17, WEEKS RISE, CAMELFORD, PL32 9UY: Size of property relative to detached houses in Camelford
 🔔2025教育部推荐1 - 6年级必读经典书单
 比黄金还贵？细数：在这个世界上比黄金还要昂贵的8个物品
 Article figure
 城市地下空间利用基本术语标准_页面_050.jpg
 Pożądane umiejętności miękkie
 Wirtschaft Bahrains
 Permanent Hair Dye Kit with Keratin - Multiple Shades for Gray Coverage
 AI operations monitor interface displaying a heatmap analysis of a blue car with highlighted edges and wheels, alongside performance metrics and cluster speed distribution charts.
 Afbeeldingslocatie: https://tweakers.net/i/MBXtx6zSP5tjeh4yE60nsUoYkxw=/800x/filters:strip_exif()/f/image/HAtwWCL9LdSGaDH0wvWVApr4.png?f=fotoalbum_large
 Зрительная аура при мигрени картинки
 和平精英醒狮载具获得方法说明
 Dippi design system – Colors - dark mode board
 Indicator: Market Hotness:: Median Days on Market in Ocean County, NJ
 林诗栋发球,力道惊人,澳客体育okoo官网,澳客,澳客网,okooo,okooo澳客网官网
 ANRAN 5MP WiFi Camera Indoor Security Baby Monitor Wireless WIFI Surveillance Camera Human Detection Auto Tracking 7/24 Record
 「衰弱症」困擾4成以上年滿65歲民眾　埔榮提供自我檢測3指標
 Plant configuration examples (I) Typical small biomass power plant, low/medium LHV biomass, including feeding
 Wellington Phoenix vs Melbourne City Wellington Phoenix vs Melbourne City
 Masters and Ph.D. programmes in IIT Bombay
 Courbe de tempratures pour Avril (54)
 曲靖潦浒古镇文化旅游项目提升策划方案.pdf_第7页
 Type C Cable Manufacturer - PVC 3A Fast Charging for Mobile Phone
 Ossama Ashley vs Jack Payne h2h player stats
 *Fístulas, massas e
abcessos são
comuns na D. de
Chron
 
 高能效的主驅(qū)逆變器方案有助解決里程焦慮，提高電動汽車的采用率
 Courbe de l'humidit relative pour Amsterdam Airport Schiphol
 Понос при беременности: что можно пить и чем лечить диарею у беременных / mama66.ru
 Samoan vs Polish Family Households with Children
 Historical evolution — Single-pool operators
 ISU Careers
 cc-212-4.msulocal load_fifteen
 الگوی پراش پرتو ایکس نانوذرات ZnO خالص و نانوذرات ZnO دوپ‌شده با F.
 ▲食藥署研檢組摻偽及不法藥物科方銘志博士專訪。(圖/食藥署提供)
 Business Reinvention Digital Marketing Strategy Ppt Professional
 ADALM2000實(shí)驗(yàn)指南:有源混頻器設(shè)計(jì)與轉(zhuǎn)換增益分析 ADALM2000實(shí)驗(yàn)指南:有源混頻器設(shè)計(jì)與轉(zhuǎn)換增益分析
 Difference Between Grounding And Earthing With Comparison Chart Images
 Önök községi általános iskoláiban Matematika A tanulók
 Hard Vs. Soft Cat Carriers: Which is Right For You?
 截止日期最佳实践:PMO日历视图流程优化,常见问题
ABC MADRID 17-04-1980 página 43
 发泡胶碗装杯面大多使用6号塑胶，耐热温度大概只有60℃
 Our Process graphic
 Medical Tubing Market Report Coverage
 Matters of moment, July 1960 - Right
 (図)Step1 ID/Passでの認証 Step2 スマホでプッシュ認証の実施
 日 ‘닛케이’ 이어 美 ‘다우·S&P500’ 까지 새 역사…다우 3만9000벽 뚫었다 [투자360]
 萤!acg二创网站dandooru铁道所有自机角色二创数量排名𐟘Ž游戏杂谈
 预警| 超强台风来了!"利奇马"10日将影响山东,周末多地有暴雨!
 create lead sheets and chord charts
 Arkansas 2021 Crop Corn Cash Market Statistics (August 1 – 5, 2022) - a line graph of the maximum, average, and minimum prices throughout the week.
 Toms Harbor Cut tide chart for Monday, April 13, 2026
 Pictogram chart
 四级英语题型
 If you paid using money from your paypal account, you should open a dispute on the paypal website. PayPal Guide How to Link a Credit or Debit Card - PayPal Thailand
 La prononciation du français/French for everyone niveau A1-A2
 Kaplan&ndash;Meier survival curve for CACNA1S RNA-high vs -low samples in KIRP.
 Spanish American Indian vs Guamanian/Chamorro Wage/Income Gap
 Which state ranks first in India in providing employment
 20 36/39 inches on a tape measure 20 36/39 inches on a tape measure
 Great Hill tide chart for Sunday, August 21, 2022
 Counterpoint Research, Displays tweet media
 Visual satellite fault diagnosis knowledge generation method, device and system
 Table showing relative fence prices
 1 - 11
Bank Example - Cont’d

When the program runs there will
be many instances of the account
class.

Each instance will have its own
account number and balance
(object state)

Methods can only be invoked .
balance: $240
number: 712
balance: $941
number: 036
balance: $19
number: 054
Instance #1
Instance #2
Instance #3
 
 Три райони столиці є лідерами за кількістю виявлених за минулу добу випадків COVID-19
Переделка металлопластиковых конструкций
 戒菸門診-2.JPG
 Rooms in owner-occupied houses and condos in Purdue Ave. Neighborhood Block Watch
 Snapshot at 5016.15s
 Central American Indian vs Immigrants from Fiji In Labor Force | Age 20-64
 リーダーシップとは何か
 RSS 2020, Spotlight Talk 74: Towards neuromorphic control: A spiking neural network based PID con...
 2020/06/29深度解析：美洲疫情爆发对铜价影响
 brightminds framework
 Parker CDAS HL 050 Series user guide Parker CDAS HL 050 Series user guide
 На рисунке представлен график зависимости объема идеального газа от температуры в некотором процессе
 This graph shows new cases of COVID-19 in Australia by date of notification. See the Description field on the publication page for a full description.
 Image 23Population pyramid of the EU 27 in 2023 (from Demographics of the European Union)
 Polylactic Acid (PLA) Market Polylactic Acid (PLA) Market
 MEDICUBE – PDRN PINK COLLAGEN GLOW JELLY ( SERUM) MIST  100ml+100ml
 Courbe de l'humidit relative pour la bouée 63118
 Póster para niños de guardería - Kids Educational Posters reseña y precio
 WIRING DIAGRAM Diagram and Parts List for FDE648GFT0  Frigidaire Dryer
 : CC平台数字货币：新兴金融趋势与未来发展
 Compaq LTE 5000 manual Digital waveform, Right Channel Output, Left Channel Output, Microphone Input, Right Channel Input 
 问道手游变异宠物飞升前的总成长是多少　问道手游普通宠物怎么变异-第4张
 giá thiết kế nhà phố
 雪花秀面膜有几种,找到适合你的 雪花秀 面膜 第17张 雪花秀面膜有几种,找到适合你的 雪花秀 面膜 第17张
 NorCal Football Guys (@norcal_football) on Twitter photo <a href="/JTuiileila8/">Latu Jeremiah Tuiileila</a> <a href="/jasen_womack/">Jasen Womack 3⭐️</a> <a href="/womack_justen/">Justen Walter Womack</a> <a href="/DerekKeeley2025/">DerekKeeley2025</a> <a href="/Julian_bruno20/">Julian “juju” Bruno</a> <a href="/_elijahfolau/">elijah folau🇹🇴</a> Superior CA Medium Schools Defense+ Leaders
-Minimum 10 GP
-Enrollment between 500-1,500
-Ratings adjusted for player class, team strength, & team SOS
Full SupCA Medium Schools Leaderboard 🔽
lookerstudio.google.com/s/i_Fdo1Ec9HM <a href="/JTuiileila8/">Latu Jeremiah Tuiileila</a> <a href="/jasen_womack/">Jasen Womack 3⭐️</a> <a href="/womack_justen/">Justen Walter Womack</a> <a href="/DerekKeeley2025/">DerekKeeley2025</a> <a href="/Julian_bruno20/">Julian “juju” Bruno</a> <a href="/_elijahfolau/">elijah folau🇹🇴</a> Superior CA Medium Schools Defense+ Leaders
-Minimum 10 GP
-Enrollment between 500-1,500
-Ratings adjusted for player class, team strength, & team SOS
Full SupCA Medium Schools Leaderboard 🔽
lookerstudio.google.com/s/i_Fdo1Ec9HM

Work instructions →
Using the entries above, repeat only the lines from the one containing "Переделка металлопластиковых конструкций" through the one containing "リーダーシップとは何か", end lines included.

Solution to this exercise →
Переделка металлопластиковых конструкций
 戒菸門診-2.JPG
 Rooms in owner-occupied houses and condos in Purdue Ave. Neighborhood Block Watch
 Snapshot at 5016.15s
 Central American Indian vs Immigrants from Fiji In Labor Force | Age 20-64
 リーダーシップとは何か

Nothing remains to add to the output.